Well, there are done obvious things to do.

locks on everyone’s bedroom doors and everyone gets a lockable snack box each would be a good start.

then she can’t steal mum or dad’s stuff.

regular pocket money and when she runs out she runs out.

that’ll stop her destroying other people’s stuff quite so easily,

if she loses a phone buy a Nokia brick as a replacement.

any violence call the police.

crackofdoom · 20/03/2025 18:50

Yes, DS1 can be an absolute little bastard at times (he's 15). People say that imposing boundaries makes things better. Well, I suppose it does, in the sense that if I didn't he could be worse ....but yes, for him too the word "no" is like a red rag to a bull, and he too is perfectly pleasant to everyone else. I know he's stressed from school (and I'm trying to help him in various ways), but I do not see it as an excuse to treat me like shit.

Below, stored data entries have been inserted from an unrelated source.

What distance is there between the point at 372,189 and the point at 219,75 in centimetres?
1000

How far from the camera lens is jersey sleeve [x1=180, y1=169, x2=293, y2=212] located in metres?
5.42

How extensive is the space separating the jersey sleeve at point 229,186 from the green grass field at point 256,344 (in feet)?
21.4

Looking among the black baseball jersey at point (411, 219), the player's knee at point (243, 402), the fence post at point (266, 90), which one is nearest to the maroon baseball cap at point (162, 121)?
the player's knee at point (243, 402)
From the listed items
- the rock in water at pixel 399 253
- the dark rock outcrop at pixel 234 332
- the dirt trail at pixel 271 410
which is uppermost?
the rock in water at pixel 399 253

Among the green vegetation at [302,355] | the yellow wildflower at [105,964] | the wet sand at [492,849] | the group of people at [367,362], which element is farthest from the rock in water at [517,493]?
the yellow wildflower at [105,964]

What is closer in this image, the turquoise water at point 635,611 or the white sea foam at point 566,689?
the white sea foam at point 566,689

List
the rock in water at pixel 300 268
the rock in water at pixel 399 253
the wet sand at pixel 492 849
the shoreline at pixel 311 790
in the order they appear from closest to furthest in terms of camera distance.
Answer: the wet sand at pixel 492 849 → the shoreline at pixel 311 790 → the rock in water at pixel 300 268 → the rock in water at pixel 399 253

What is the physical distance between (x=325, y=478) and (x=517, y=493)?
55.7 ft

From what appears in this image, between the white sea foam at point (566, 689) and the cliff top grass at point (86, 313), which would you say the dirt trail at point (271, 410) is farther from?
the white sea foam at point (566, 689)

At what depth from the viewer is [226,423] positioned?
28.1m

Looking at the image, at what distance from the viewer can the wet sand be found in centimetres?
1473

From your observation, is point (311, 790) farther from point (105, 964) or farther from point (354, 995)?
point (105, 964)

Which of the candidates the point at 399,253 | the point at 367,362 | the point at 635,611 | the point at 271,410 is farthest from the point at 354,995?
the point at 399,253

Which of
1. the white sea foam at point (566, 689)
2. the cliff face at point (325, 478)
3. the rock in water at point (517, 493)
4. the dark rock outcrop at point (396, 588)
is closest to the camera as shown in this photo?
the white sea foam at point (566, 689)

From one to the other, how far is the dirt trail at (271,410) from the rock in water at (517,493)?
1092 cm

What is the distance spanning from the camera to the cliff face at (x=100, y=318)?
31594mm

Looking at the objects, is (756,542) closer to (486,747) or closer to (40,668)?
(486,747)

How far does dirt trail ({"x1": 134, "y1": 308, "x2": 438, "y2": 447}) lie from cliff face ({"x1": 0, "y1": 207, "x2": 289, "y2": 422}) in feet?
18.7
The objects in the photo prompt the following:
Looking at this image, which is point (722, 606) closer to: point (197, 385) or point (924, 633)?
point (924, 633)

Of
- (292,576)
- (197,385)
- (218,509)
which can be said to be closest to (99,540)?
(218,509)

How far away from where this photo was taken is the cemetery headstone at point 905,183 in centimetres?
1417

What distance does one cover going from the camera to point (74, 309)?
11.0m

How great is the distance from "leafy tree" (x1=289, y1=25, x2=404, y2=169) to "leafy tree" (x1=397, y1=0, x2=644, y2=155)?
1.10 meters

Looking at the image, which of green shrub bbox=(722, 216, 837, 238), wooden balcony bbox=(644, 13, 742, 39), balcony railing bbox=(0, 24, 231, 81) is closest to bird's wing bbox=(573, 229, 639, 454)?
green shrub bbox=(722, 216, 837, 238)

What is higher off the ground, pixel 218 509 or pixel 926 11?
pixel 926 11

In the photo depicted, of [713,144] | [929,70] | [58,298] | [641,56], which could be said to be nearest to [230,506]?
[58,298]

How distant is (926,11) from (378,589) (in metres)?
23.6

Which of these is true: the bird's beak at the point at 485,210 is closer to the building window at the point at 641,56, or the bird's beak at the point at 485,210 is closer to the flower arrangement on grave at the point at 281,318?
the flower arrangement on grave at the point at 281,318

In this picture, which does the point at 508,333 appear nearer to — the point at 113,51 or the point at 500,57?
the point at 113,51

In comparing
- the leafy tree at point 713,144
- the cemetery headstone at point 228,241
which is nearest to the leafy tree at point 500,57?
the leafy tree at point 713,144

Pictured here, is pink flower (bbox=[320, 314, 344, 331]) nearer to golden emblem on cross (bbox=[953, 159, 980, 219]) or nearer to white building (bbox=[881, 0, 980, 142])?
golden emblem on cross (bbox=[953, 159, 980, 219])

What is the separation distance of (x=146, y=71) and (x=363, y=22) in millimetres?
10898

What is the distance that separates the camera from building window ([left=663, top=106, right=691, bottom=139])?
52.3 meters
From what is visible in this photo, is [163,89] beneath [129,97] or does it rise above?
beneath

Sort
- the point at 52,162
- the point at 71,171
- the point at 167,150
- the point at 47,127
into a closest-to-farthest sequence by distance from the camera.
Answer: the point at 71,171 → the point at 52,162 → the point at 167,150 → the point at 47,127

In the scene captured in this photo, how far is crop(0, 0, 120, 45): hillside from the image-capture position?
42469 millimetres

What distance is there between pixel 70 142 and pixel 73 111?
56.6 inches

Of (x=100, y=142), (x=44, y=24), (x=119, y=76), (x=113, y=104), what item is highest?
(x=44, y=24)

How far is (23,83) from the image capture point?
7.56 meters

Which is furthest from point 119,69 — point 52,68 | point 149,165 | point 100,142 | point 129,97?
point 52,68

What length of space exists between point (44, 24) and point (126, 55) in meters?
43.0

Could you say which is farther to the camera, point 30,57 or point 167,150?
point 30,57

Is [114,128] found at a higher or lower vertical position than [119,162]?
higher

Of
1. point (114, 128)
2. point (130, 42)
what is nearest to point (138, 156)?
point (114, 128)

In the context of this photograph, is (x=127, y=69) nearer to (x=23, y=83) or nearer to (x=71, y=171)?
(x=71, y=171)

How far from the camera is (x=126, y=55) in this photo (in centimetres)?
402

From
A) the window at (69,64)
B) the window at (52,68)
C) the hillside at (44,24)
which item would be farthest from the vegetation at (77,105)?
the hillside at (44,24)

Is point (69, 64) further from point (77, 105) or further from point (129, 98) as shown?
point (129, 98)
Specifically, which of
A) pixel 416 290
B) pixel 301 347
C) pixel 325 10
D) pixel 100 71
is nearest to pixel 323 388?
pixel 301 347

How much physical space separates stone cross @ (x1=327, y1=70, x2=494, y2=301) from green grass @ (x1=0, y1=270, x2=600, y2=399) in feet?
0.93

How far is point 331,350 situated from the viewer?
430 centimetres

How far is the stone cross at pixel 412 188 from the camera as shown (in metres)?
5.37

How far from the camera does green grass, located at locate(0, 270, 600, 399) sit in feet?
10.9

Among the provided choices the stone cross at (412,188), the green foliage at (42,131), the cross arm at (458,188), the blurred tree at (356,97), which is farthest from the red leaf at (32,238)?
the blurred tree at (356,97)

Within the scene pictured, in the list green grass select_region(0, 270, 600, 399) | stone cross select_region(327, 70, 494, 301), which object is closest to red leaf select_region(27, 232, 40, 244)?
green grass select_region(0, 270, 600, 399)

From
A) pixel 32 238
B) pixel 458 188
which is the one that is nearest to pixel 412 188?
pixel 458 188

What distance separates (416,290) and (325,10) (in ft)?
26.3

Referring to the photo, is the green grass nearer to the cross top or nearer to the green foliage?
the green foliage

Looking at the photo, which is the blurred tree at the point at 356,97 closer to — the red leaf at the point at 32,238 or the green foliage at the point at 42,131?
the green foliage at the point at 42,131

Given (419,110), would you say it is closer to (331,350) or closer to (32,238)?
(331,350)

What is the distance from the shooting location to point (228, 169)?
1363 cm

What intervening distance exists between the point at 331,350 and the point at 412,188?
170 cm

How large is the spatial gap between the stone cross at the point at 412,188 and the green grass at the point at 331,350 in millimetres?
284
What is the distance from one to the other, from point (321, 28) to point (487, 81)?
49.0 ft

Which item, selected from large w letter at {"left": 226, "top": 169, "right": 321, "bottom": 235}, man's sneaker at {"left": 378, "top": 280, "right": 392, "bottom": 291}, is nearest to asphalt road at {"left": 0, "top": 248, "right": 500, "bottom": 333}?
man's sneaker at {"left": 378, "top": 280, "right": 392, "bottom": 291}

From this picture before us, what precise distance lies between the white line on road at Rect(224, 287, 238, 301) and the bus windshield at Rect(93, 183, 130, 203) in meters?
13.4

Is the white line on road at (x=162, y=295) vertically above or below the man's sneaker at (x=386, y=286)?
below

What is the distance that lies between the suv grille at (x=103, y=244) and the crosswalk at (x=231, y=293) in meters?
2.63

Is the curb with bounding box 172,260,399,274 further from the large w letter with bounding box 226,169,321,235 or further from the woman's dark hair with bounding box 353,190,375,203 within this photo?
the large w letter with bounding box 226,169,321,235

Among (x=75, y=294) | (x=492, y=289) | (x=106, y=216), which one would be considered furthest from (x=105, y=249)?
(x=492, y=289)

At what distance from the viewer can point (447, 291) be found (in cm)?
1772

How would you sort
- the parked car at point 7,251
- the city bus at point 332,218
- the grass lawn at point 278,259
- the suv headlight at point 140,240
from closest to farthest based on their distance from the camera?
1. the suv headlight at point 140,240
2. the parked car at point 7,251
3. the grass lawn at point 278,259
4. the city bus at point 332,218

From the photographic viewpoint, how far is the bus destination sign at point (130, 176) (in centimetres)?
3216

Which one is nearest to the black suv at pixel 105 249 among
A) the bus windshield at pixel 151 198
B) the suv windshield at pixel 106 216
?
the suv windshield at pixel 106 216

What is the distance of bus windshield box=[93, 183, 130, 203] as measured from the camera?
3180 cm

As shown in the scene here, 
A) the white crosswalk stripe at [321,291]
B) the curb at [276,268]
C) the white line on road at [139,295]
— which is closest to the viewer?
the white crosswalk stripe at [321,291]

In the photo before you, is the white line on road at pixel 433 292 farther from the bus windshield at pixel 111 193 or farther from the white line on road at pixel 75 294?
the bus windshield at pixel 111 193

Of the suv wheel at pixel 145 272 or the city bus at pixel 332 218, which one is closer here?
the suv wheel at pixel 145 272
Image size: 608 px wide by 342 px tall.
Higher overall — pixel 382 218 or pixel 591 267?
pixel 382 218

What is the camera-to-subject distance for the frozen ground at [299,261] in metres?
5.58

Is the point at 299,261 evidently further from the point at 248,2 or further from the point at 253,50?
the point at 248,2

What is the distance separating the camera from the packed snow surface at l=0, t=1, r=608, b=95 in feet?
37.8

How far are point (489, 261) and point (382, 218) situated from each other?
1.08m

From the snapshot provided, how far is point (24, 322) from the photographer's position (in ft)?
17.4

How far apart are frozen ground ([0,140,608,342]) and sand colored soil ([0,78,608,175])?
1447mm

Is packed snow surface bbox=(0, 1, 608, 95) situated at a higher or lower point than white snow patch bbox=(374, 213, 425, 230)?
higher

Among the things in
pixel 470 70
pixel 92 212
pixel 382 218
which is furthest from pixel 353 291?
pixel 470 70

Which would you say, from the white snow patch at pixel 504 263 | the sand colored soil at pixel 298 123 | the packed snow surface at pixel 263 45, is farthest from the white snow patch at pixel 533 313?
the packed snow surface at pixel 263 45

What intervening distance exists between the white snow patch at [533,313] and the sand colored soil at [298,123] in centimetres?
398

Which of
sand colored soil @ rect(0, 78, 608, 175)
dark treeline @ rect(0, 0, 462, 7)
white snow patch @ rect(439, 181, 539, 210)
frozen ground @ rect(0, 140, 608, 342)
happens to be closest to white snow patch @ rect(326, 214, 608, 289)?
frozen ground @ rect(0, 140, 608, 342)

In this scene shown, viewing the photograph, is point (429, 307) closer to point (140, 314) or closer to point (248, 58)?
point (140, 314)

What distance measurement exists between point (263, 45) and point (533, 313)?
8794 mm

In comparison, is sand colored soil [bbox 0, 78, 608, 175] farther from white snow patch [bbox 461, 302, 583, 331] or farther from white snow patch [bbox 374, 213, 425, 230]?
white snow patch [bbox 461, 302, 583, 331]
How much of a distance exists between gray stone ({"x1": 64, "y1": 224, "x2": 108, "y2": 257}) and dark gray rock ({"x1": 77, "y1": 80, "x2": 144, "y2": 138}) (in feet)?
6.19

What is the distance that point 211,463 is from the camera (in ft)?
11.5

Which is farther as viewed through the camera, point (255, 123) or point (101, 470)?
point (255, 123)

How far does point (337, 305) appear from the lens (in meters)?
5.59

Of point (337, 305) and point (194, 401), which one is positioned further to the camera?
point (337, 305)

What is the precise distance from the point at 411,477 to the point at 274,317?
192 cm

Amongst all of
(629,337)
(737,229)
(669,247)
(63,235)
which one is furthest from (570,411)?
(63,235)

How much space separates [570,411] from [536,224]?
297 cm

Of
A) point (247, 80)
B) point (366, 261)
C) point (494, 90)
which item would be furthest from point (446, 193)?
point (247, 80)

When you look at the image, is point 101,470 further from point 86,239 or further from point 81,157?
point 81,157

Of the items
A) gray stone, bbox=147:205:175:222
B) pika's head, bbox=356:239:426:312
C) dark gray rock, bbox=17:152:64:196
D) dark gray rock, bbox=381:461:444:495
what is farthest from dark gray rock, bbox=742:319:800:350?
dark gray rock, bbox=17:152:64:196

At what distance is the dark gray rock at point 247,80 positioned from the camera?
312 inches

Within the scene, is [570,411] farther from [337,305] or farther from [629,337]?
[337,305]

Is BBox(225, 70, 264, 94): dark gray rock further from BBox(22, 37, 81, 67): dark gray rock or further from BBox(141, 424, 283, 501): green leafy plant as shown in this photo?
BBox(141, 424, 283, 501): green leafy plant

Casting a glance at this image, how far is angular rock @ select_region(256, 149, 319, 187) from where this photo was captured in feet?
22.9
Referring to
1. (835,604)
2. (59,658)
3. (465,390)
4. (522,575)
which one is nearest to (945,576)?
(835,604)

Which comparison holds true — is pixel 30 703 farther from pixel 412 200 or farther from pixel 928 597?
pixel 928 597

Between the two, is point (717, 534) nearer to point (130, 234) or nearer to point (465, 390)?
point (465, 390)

Picked him up from his extra curricular activity today, listened to him moan about how unfair his detentions were. He didn't do the washing up today (he's supposed to do it every day) so I calmly told him no WiFi until it's done. "Yes, OK..." then he didn't do it. Kept procrastinating until I needed to dish dinner up with no plates, then got rude and started throwing his weight around, so I took his phone. Got subjected to a horrible tirade of screaming and swearing (next time I'm recording it to play back to him), now he's stomped off to his friend's. And he expects me to give him £20 for food at an activity tomorrow!! Little git can take a fucking sandwich.

In a day or two it'll all be fine, he'll be respectful and helpful....then it'll all blow up again in another month or two. Boundaries. Boundaries. More fucking Boundaries. I'm sick of being on a war footing in my own home. Sometimes raising a decent human being can be so hard.

HoneyButterPopcorn · 20/03/2025 19:01

Locks already on doors - she will watch and wait until she can sneak off with the key. And it’s not small amounts of money either. Even her brothers money.